── Supplied material

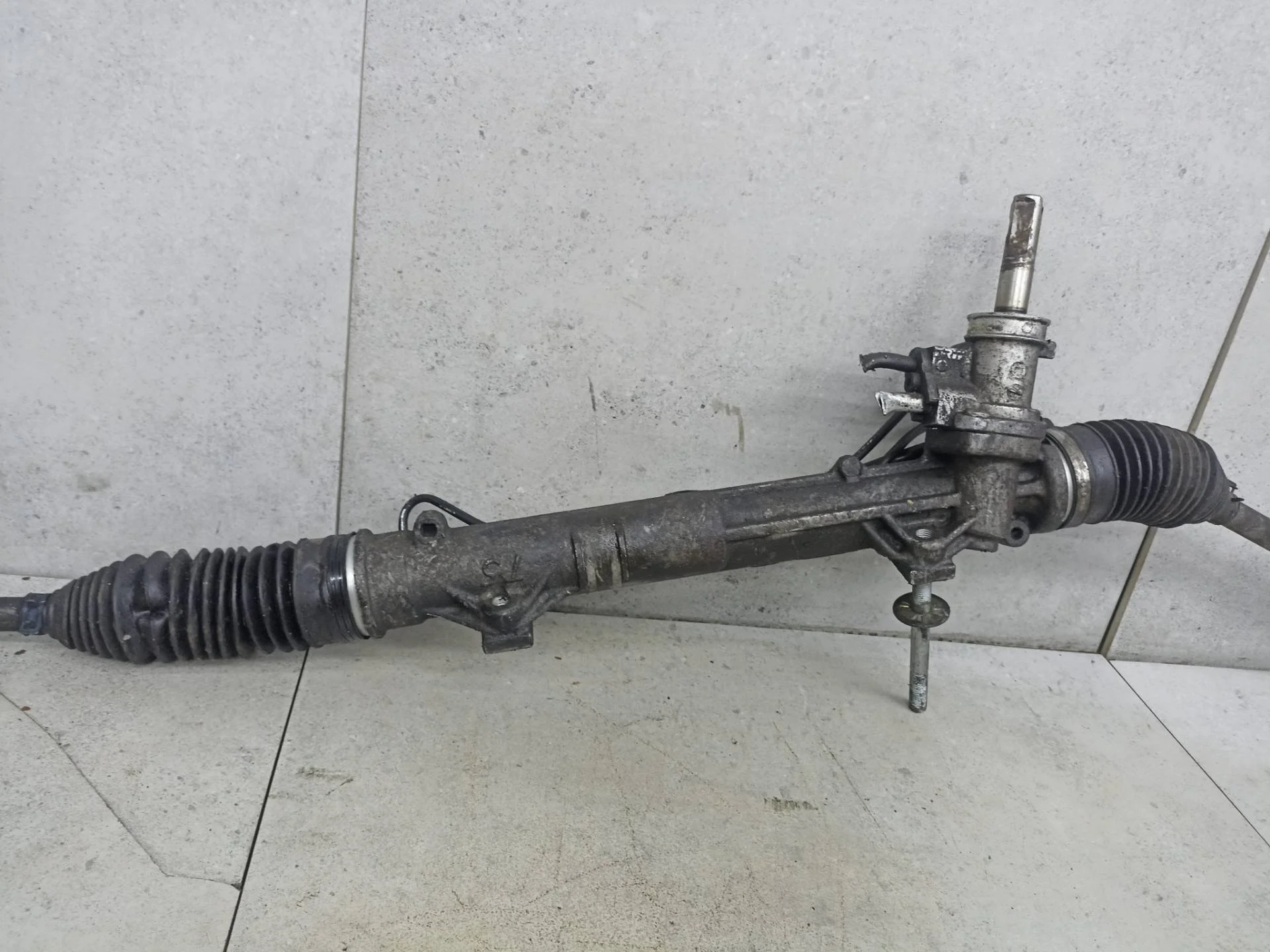 Рулевая рейка Peugeot 307 2005 4000ZJ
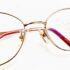 6610-Gọng kính nữ-Gần như mới-CHARMANT TAKATA VO3577 gold color eyeglasses frame13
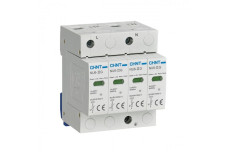 Пристрій захисту від перенапруг Chint NU6-IIG 40kA/440В 4P (252574)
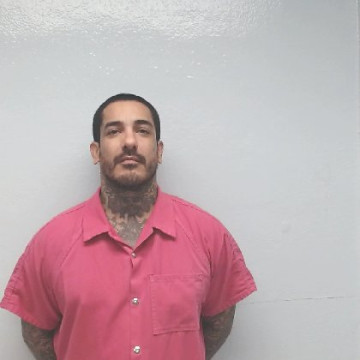 Mugshot of MARK ANDREW SALINAS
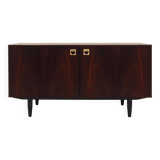 Rosewood cabinet, Danish design, 1970s, production: Denmark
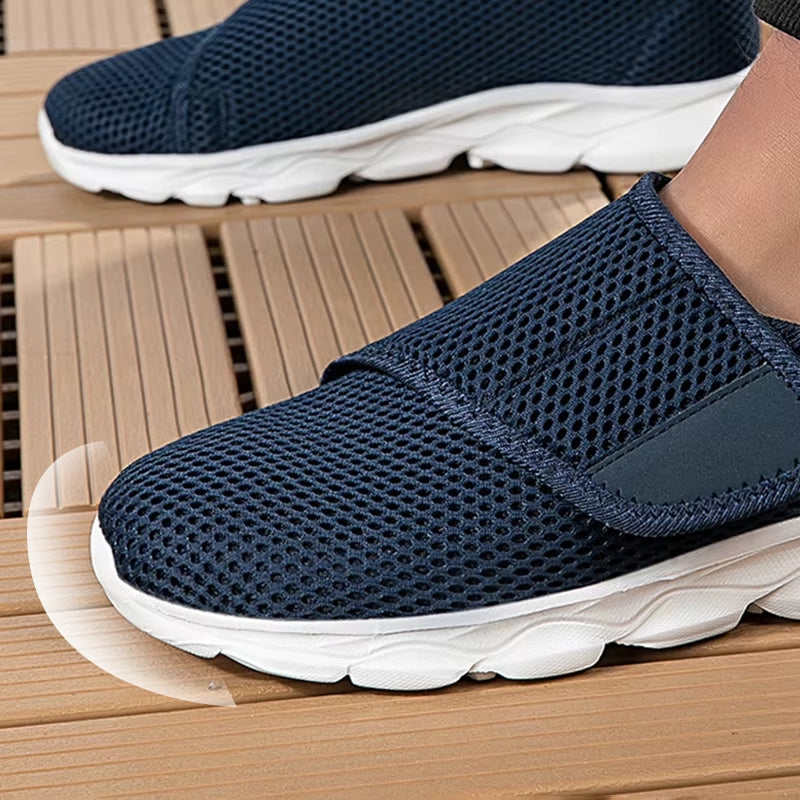 Orthopädische Mesh-Sneaker
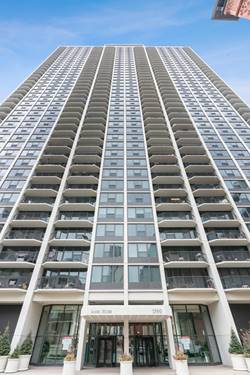 1560 N Sandburg Unit 703J, Chicago, IL 60610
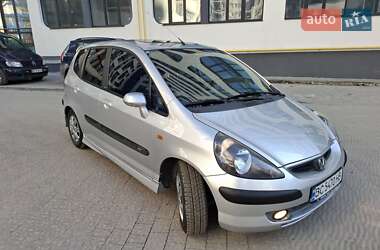 Хетчбек Honda Jazz 2002 в Львові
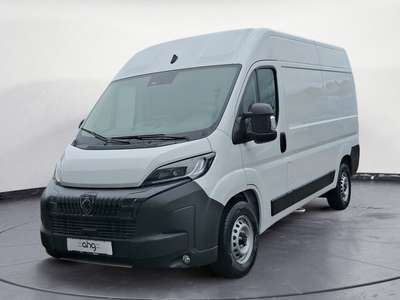Bild Peugeot Boxer
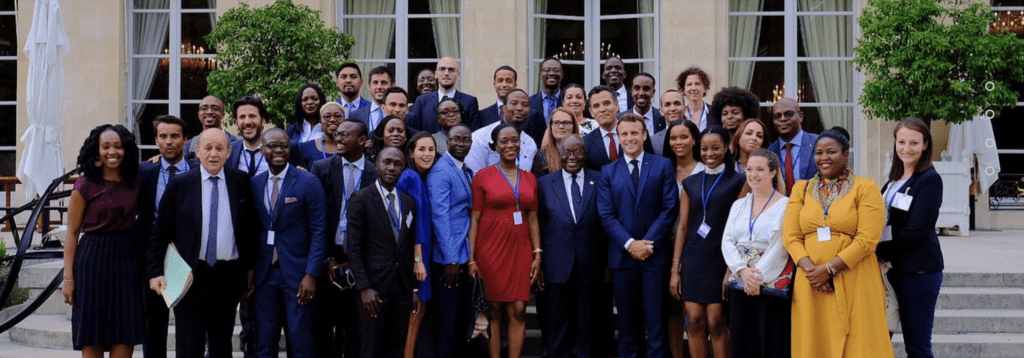 French African Foundation Tech Gist africa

────

■ **Exercise instructions**:
Please reproduce, word for word, only the lines from the line that holds "Bild Peugeot Boxer" through the final line of the entries above, omitting any pictures.

■ **Your response**:
Bild Peugeot Boxer
 French African Foundation Tech Gist africa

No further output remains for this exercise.